## Activity
Beginning with the first line and ending with the one containing "HISTORIAS DE DINOSAURIOS.", copy the lines of the listing below exactly; omit everything else.

## Source data
┄┄┄┄┄┄
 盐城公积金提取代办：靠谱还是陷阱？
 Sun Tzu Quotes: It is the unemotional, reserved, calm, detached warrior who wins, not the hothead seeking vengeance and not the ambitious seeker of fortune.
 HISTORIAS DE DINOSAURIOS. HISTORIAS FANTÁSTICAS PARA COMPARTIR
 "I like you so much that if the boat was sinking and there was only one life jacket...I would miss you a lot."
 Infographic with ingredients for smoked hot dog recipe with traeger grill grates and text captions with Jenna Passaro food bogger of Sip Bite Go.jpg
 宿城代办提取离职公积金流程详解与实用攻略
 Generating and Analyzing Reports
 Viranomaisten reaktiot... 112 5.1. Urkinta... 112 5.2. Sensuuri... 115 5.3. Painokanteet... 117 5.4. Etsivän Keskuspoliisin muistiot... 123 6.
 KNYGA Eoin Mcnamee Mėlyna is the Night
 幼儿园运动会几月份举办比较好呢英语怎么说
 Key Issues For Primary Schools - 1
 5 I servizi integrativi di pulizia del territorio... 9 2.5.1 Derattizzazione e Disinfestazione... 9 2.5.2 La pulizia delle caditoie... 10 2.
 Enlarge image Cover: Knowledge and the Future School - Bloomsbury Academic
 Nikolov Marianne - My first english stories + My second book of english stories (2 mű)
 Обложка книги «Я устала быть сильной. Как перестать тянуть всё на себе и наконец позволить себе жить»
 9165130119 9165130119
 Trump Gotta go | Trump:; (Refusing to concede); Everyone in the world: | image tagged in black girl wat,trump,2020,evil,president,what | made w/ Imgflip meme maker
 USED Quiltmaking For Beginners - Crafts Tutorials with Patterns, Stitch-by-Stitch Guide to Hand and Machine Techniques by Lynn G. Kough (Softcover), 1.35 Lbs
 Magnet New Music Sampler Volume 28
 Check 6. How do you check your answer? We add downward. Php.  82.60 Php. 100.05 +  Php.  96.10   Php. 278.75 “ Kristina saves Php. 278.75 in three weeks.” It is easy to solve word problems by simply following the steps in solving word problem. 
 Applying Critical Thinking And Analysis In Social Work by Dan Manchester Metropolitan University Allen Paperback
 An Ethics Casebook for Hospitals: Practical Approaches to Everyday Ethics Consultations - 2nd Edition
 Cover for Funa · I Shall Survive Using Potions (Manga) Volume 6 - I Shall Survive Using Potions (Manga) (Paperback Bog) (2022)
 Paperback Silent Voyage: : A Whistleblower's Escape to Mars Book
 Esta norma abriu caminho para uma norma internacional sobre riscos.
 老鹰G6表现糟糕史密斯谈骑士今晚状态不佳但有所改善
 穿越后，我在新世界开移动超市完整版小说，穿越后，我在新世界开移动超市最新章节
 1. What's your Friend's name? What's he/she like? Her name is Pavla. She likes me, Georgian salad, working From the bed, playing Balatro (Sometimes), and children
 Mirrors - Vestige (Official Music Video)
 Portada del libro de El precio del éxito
┄┄┄┄┄┄
## Response for this exercise
 盐城公积金提取代办：靠谱还是陷阱？
 Sun Tzu Quotes: It is the unemotional, reserved, calm, detached warrior who wins, not the hothead seeking vengeance and not the ambitious seeker of fortune.
 HISTORIAS DE DINOSAURIOS. HISTORIAS FANTÁSTICAS PARA COMPARTIR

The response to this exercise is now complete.